DESCRIPTION OF THE TASK:
Print every record word for word.

::::::::

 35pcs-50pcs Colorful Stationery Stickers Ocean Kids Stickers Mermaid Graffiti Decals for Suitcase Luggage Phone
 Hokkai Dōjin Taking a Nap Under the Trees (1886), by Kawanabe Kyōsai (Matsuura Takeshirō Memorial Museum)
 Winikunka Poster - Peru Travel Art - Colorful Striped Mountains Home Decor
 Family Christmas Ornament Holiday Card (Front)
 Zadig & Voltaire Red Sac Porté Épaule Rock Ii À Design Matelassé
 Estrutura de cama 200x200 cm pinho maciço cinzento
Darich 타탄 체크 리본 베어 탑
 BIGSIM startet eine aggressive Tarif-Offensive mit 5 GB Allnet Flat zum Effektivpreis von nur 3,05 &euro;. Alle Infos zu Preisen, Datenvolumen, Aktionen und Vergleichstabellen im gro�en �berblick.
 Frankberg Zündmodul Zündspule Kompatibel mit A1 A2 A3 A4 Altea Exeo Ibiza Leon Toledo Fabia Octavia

::::::::

TASK ANSWER:
 35pcs-50pcs Colorful Stationery Stickers Ocean Kids Stickers Mermaid Graffiti Decals for Suitcase Luggage Phone
 Hokkai Dōjin Taking a Nap Under the Trees (1886), by Kawanabe Kyōsai (Matsuura Takeshirō Memorial Museum)
 Winikunka Poster - Peru Travel Art - Colorful Striped Mountains Home Decor
 Family Christmas Ornament Holiday Card (Front)
 Zadig & Voltaire Red Sac Porté Épaule Rock Ii À Design Matelassé
 Estrutura de cama 200x200 cm pinho maciço cinzento
Darich 타탄 체크 리본 베어 탑
 BIGSIM startet eine aggressive Tarif-Offensive mit 5 GB Allnet Flat zum Effektivpreis von nur 3,05 &euro;. Alle Infos zu Preisen, Datenvolumen, Aktionen und Vergleichstabellen im gro�en �berblick.
 Frankberg Zündmodul Zündspule Kompatibel mit A1 A2 A3 A4 Altea Exeo Ibiza Leon Toledo Fabia Octavia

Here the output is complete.